**Caption-style text data:**
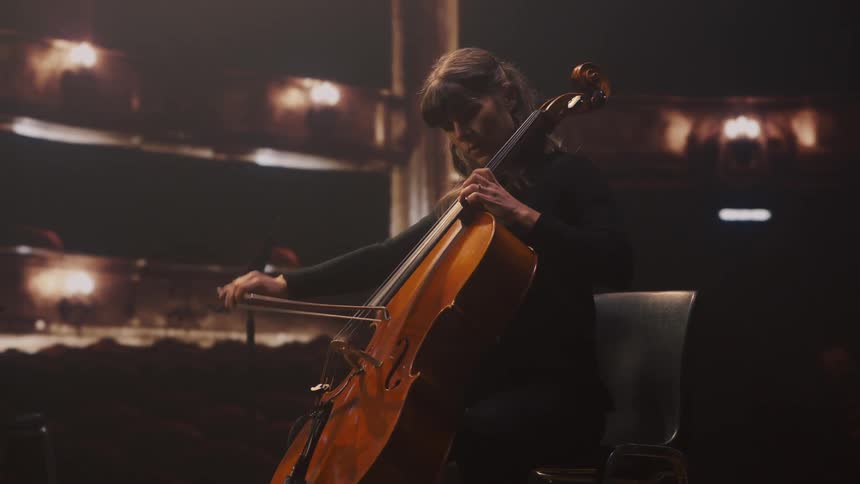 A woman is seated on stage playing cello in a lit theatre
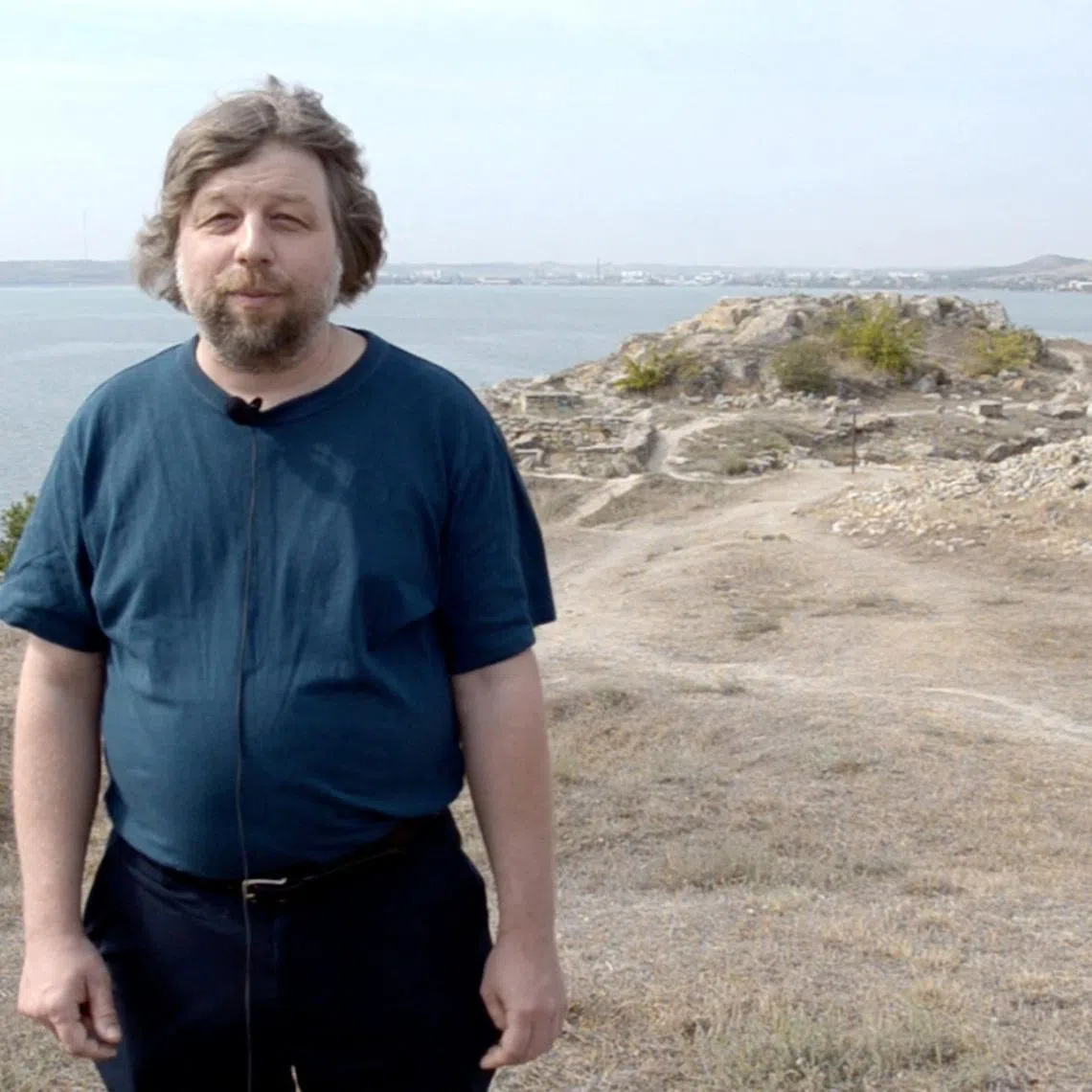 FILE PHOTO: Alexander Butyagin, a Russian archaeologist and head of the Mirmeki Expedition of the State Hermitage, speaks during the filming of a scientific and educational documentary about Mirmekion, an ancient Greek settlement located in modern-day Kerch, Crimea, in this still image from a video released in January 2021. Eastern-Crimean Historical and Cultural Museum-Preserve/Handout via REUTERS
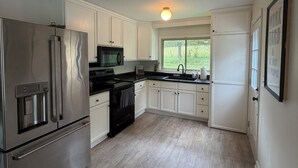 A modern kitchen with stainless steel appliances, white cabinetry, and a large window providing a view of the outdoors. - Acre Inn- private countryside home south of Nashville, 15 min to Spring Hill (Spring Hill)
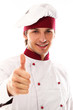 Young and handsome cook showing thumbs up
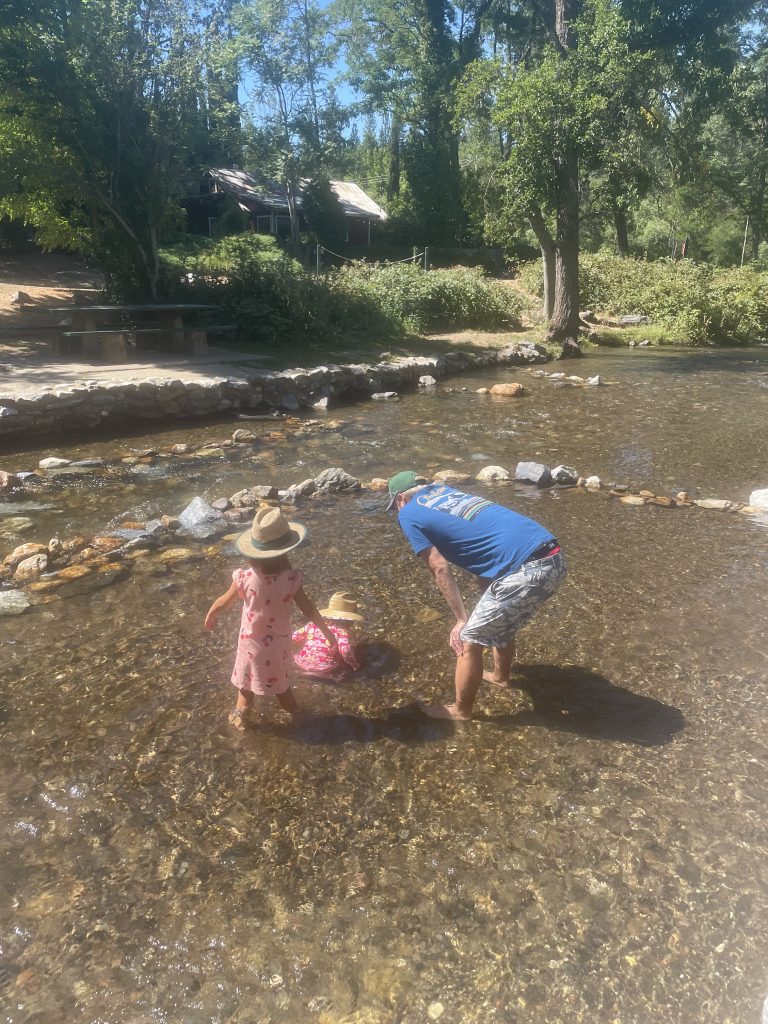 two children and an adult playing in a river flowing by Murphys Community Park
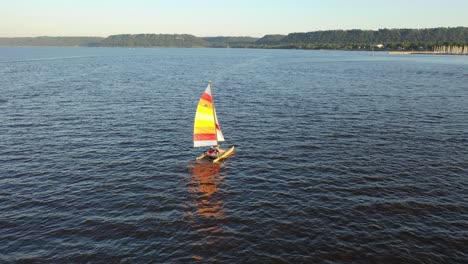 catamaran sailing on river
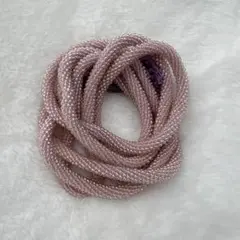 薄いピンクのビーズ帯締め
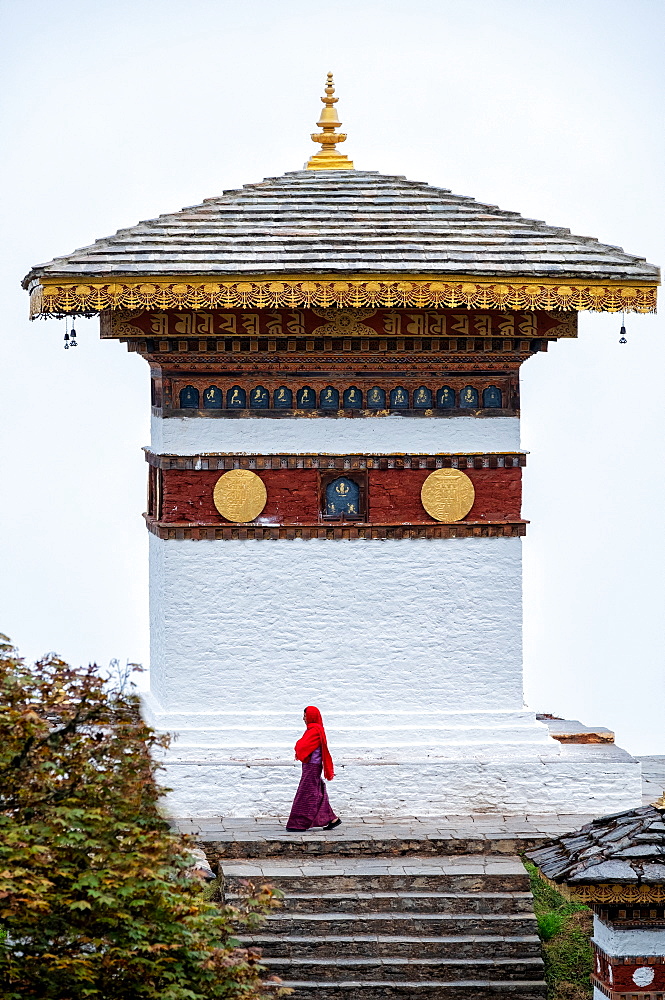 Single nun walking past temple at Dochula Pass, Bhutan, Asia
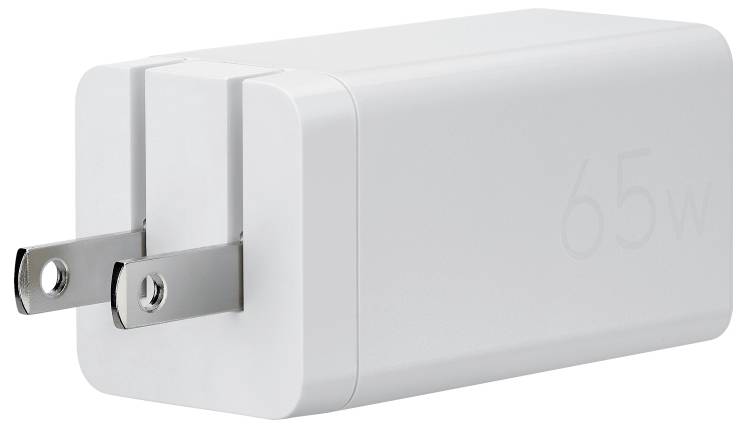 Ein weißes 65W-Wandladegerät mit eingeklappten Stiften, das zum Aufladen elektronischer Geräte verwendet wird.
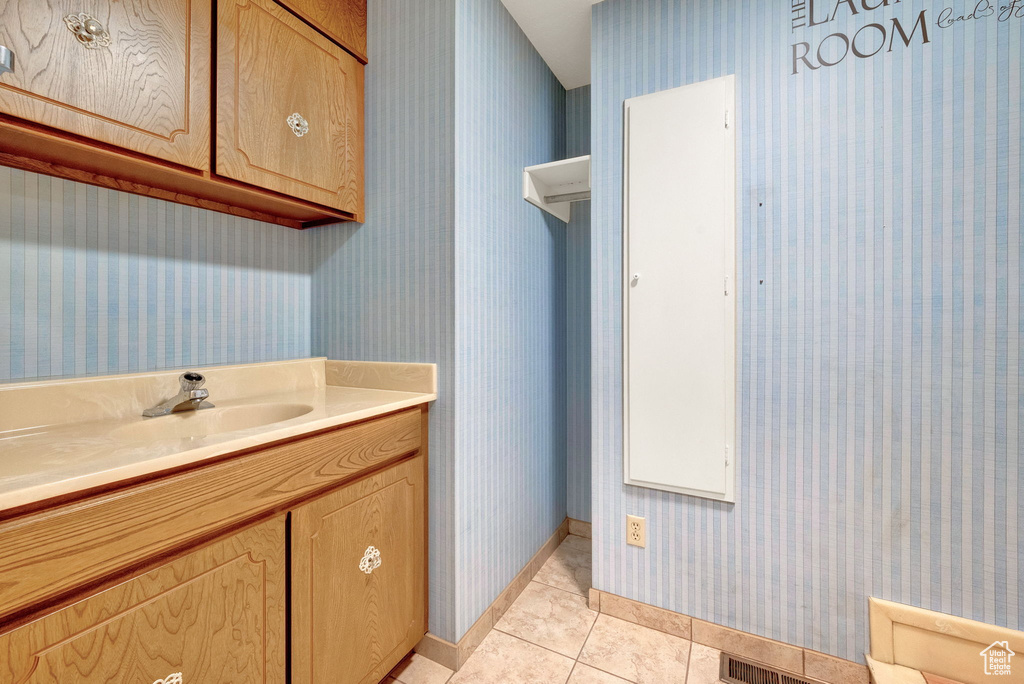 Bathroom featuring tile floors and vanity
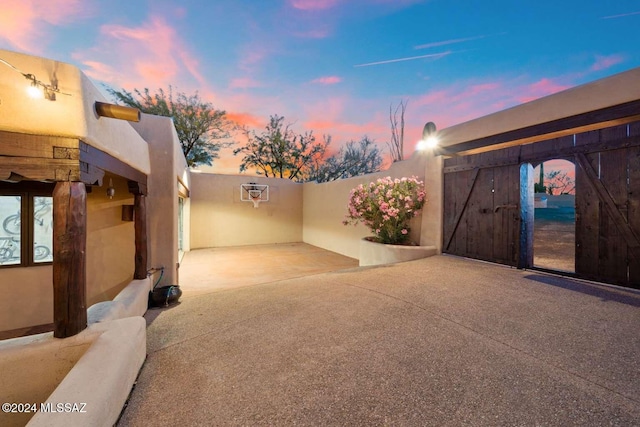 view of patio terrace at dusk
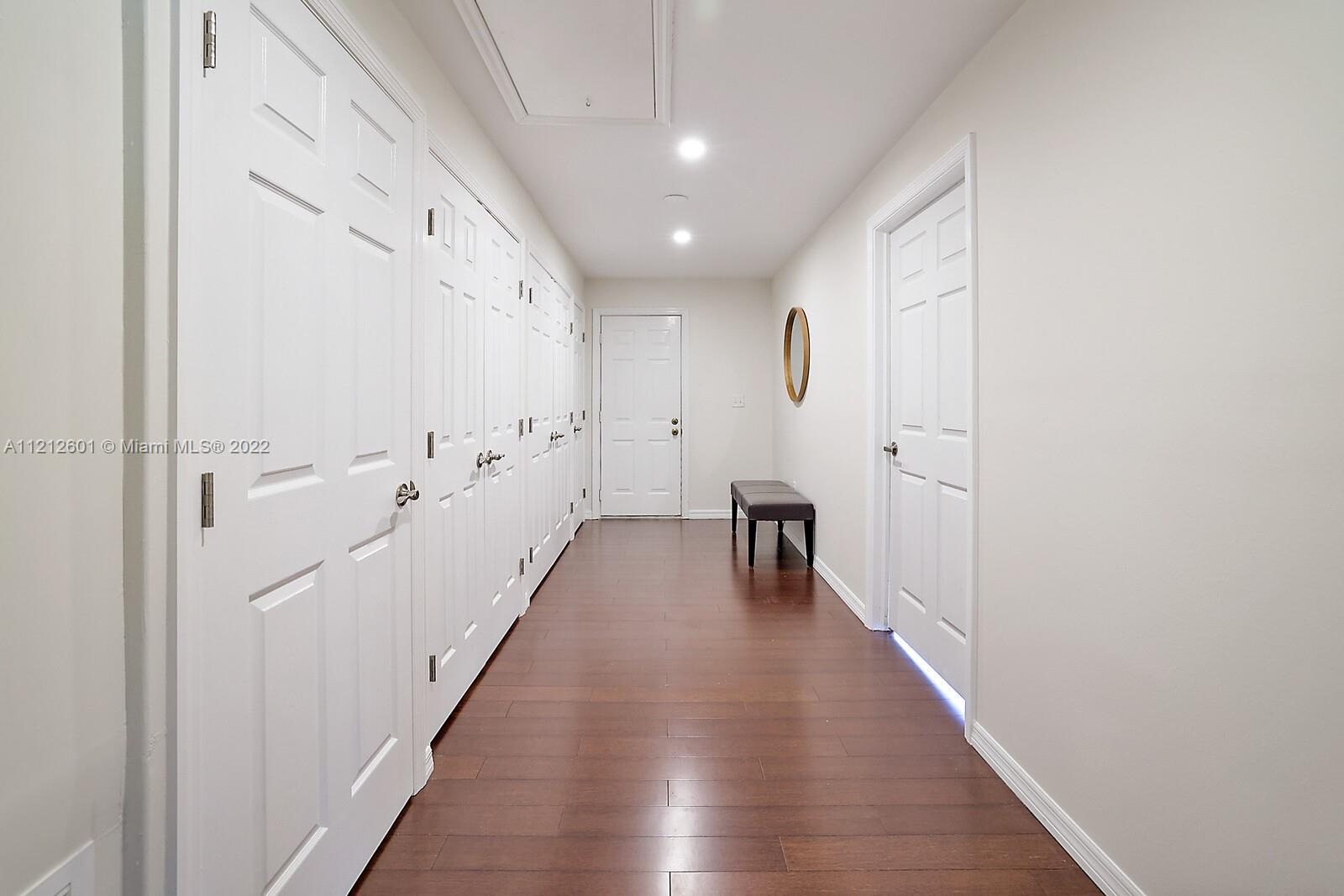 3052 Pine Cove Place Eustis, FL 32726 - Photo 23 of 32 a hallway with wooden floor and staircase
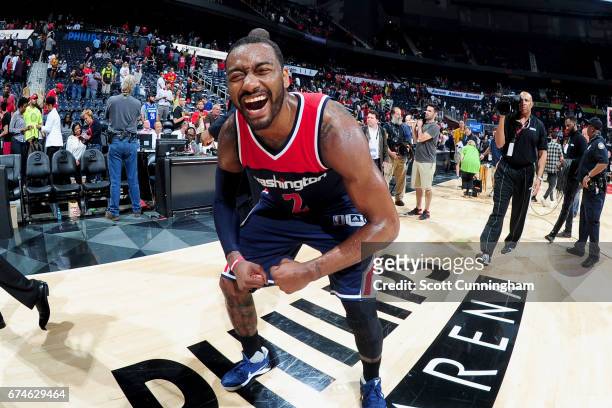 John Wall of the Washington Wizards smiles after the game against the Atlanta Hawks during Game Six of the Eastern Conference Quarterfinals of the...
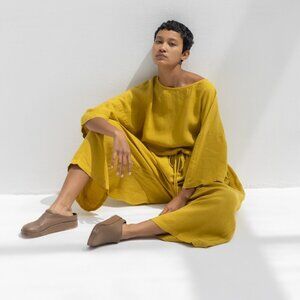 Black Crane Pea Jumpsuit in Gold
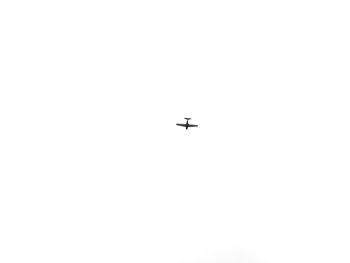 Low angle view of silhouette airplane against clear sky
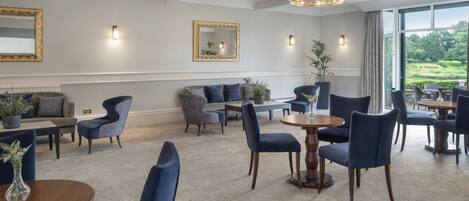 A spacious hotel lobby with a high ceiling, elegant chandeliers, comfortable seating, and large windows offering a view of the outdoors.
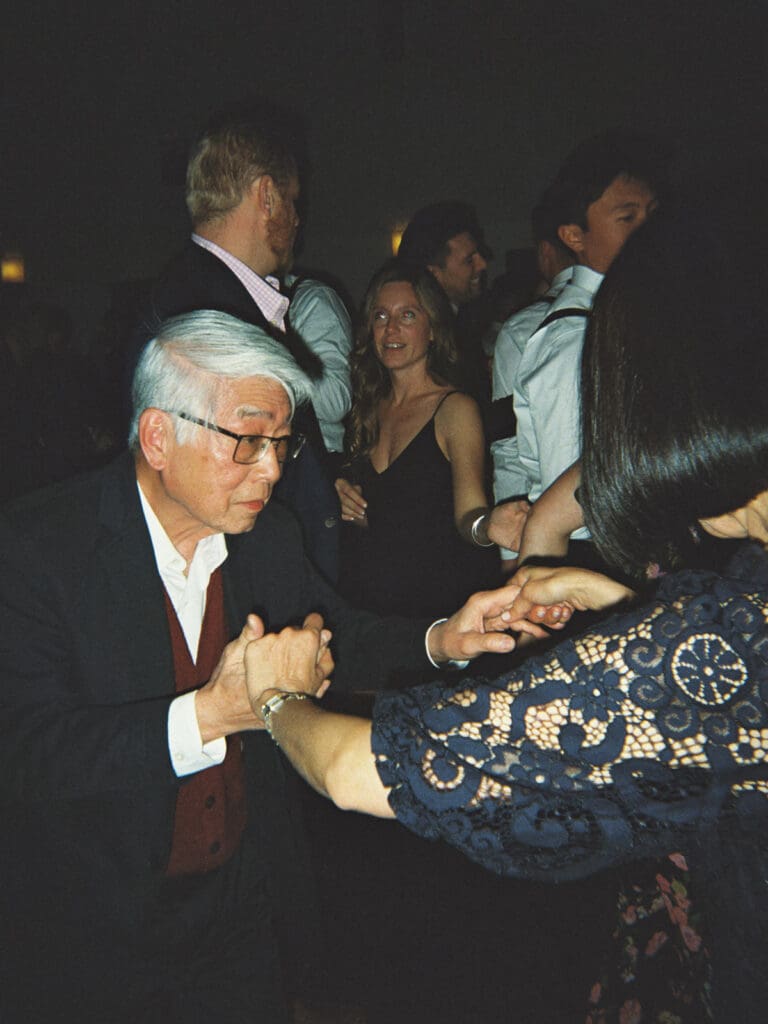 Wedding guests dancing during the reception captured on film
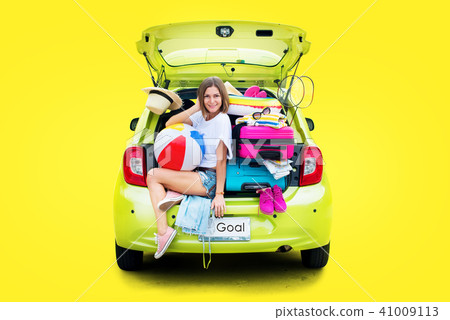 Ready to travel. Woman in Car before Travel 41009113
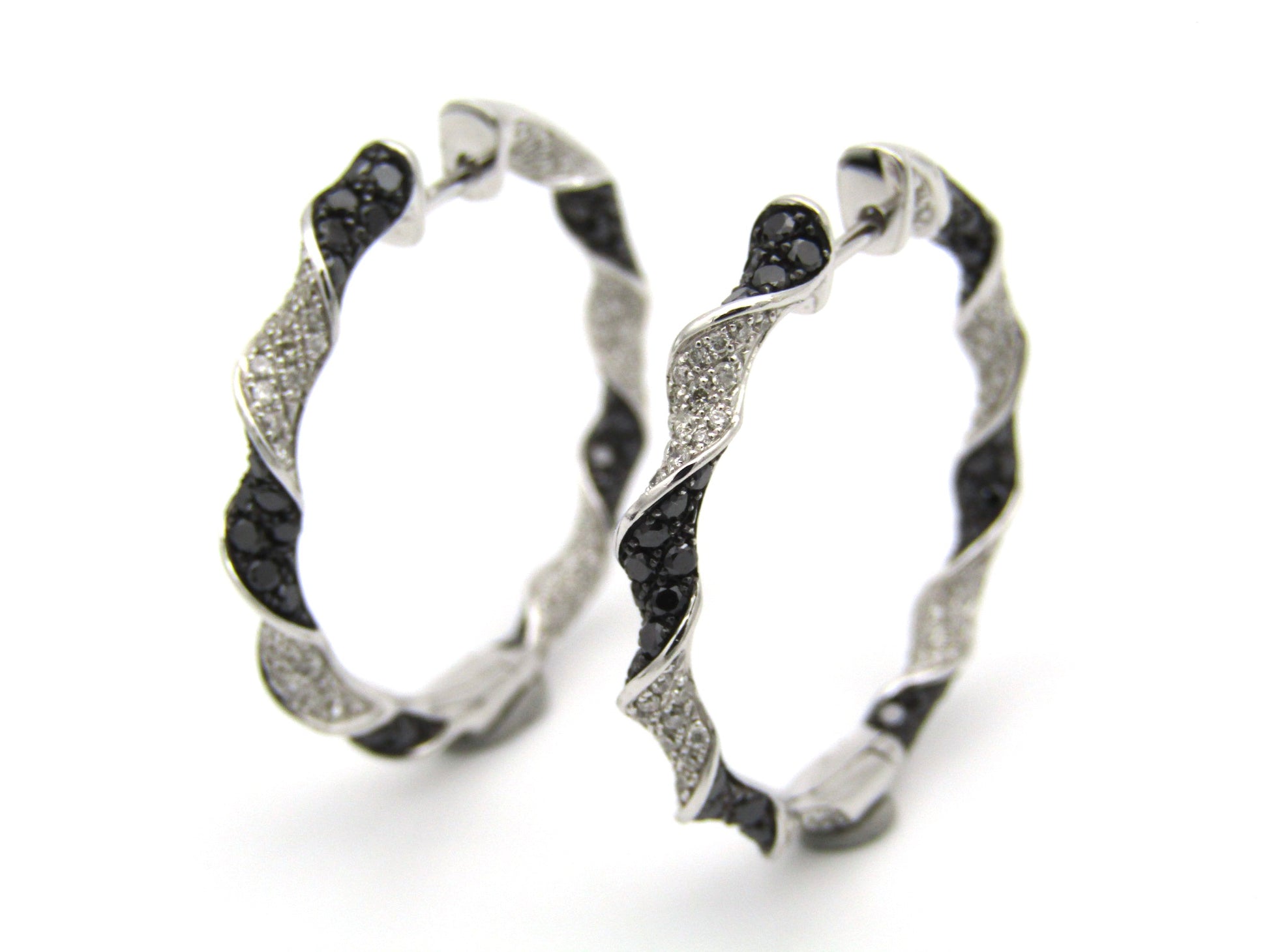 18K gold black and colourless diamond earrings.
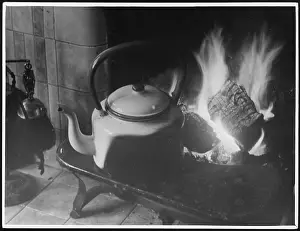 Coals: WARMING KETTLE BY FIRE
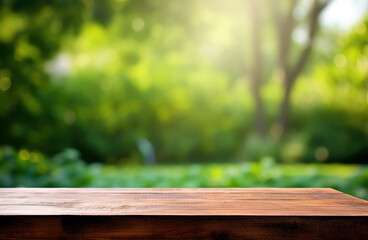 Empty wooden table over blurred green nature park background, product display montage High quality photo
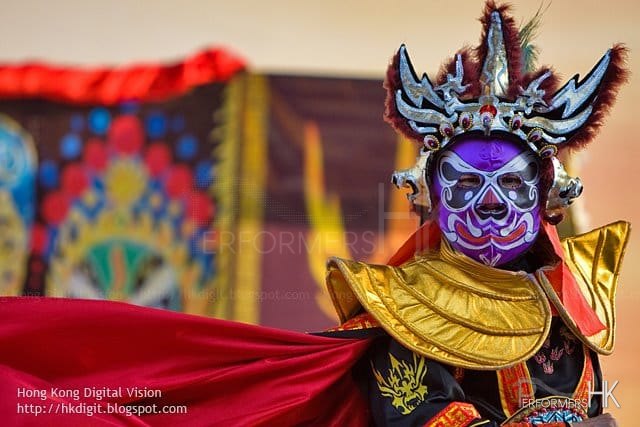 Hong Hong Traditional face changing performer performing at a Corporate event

**TASK OBJECTIVE:** In the entries above, find the line that contains "Coals: WARMING KETTLE BY FIRE", then repeat exactly every line from the first one through that line, with no pictures.

**SOLUTION TO THIS TASK:**
 A woman is seated on stage playing cello in a lit theatre
 FILE PHOTO: Alexander Butyagin, a Russian archaeologist and head of the Mirmeki Expedition of the State Hermitage, speaks during the filming of a scientific and educational documentary about Mirmekion, an ancient Greek settlement located in modern-day Kerch, Crimea, in this still image from a video released in January 2021. Eastern-Crimean Historical and Cultural Museum-Preserve/Handout via REUTERS
 A modern kitchen with stainless steel appliances, white cabinetry, and a large window providing a view of the outdoors. - Acre Inn- private countryside home south of Nashville, 15 min to Spring Hill (Spring Hill)
 Young and handsome cook showing thumbs up
 two children and an adult playing in a river flowing by Murphys Community Park
 catamaran sailing on river
 薄いピンクのビーズ帯締め
 Single nun walking past temple at Dochula Pass, Bhutan, Asia
 Ein weißes 65W-Wandladegerät mit eingeklappten Stiften, das zum Aufladen elektronischer Geräte verwendet wird.
 Bathroom featuring tile floors and vanity
 view of patio terrace at dusk
 3052 Pine Cove Place Eustis, FL 32726 - Photo 23 of 32 a hallway with wooden floor and staircase
 John Wall of the Washington Wizards smiles after the game against the Atlanta Hawks during Game Six of the Eastern Conference Quarterfinals of the...
 Black Crane Pea Jumpsuit in Gold
 Low angle view of silhouette airplane against clear sky
 A spacious hotel lobby with a high ceiling, elegant chandeliers, comfortable seating, and large windows offering a view of the outdoors.
 Wedding guests dancing during the reception captured on film
 Ready to travel. Woman in Car before Travel 41009113
 18K gold black and colourless diamond earrings.
 Coals: WARMING KETTLE BY FIRE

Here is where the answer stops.